Wherever "female" occurs in the entries, copy the line that holds it.

(SUPPLIED RECORDS Opens)

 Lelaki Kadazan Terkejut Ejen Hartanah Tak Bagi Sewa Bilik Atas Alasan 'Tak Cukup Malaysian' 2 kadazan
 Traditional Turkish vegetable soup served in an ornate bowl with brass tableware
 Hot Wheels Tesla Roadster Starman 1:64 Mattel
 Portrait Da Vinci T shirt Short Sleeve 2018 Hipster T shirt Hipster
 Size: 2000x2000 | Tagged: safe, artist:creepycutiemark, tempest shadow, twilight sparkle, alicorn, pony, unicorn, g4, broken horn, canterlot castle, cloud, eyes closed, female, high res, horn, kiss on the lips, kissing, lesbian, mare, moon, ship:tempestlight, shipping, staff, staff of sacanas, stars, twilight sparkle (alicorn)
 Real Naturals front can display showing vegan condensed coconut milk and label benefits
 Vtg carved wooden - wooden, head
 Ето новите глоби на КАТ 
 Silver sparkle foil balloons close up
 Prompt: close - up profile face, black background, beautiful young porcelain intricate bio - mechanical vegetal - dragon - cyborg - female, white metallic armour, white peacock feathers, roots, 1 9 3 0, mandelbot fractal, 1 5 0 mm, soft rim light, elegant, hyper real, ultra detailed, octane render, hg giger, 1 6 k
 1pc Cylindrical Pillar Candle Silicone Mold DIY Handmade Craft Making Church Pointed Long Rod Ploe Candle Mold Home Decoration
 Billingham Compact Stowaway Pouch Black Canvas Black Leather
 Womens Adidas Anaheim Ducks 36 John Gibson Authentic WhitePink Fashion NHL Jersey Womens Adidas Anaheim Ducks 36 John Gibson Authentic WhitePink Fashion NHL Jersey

(SUPPLIED RECORDS Closes)

## RESPONSE TO THIS TASK
 Size: 2000x2000 | Tagged: safe, artist:creepycutiemark, tempest shadow, twilight sparkle, alicorn, pony, unicorn, g4, broken horn, canterlot castle, cloud, eyes closed, female, high res, horn, kiss on the lips, kissing, lesbian, mare, moon, ship:tempestlight, shipping, staff, staff of sacanas, stars, twilight sparkle (alicorn)
 Prompt: close - up profile face, black background, beautiful young porcelain intricate bio - mechanical vegetal - dragon - cyborg - female, white metallic armour, white peacock feathers, roots, 1 9 3 0, mandelbot fractal, 1 5 0 mm, soft rim light, elegant, hyper real, ultra detailed, octane render, hg giger, 1 6 k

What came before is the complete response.